Het belangrijkste obstakel op dit moment is dat het (nog) niet mogelijk is om het verlofsaldo bij een externe partij onder te brengen. Omdat het om een spaarregeling voor de lange termijn gaat, moet dit verlofsaldo worden beheerd door een externe partij zoals een bank of verzekeraar. Zo is het saldo van de werknemer ‘beschermd’ als de werknemer van werkgever wisselt – en ook als de werkgever failliet gaat; voor werkgevers is het van belang dat verlofsparen geen té zware wissel op de balans trekt vanwege de waardering van de verlofaanspraken.
Inmiddels heeft demissionair minister Schouten een aantal stappen gezet die het mogelijk moeten maken om financiering van de verlofaanspraken elders onder te brengen. Maar in de praktijk blijkt dat externe uitvoering nog steeds praktisch gezien niet mogelijk. AWVN vindt het belangrijk dat de zoektocht naar een externe, fiscaal gefacilieerde, verlofspaarregeling doorgaat. En als er een geschikte spaarverlofregeling ligt, moet het binnen het arbeidsvoorwaardenoverleg mogelijk zijn om afspraken te maken over hoe dat potje van 100 weken verlof te vullen is.
Als de RVU-vrijstelling tijdelijk verlengd wordt, dan geeft dit de overheid meer tijd om het extern beheren van het verlofsaldo beter te faciliteren. Ook biedt dit meer tijd aan werknemers om dit verlofpotje te vullen. Op deze manier is het verlofsparen een kansrijke opvolger voor wanneer de tijdelijke RVU-vrijstelling afloopt.
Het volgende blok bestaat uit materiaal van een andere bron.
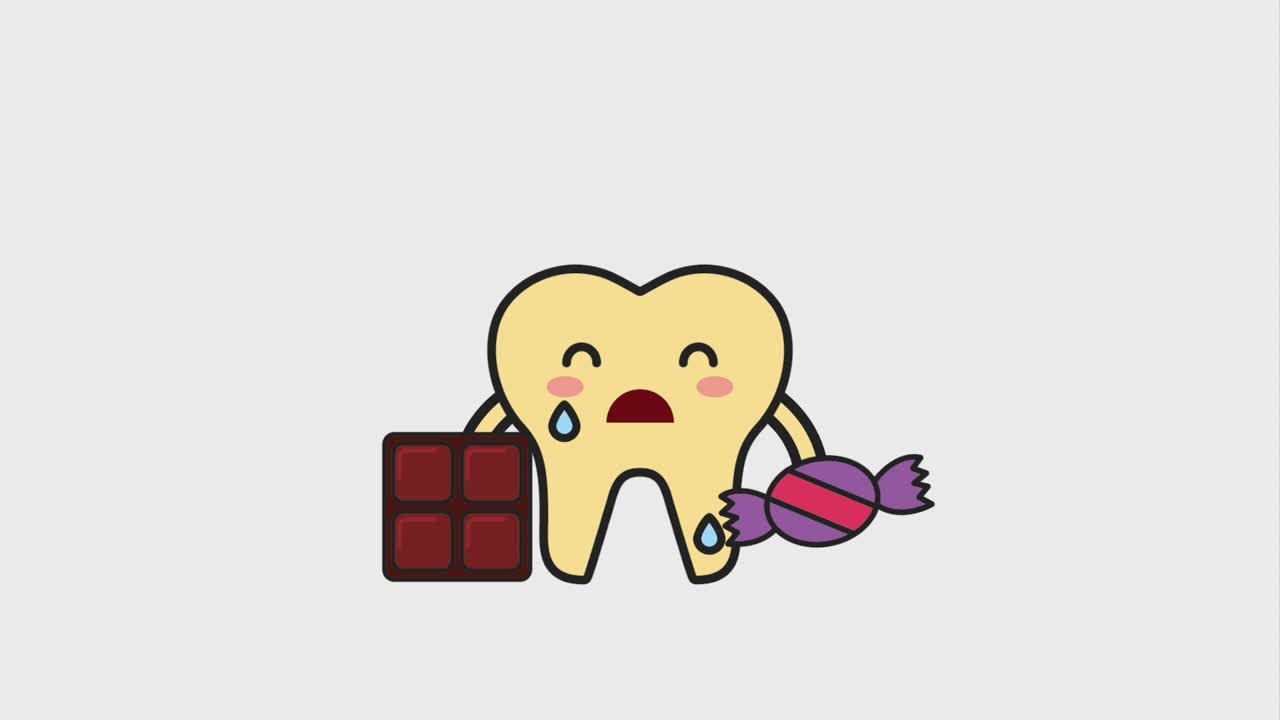 diente enfermo llora con chocolate y dulces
Het vraagstuk rondom langer doorwerken blijft uitdagend en er is behoefte aan een toekomstbestendige oplossing. Daarom moet meer ingezet worden op het gezamenlijk ontplooien van preventieve DI-maatregelen, waarbij de werkgever de werknemers stimuleert deze te benutten.
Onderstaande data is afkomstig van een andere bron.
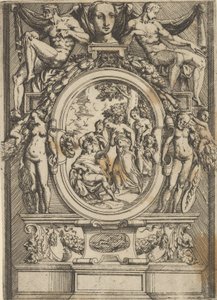 The Judgment of Paris, Man Seated at Left Reaches Out to a Woman Who is Flanked by by Battista del Moro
Een eventuele tijdelijke verlenging van de RVU-vrijstelling dient als maatregel om met preventieve DI-initiatieven de doelgroep zoveel mogelijk verder te verkleinen. Daarnaast biedt dit meer ruimte om het verlofsparen in de praktijk uit te voeren. Hierdoor blijft voor de groep in zware beroepen, die ook met preventieve maatregelen moeite heeft met werken tot het pensioen, de mogelijkheid bestaan om eerder te stoppen met werken.
Verder merkt AWVN op dat het beleid rondom langer doorwerken te wispelturig is. Zo voert de overheid aan de ene kant beleid om langer doorwerken te stimuleren met de verhoging van de AOW-leeftijd en met de afschaffing van vroegpensioenregelingen. Vervolgens stelt de overheid een RVU-boete in wanneer werkgevers toch een vroegpensioen-achtige uitkering aan werknemers verstrekken. Wel is er een tijdelijke ontheffing om deze doelgroep uit te faseren. Nu klinkt toch de roep voor een structurele mogelijkheid om eerder te stoppen. Het is belangrijk dat zowel werkgevers als werknemers weten waar ze aan toe zijn. Daarom is er een meer consistente en toekomstbestendige aanpak nodig voor het systeem rondom langer doorwerken waarbij de focus ligt op preventie en maatwerk.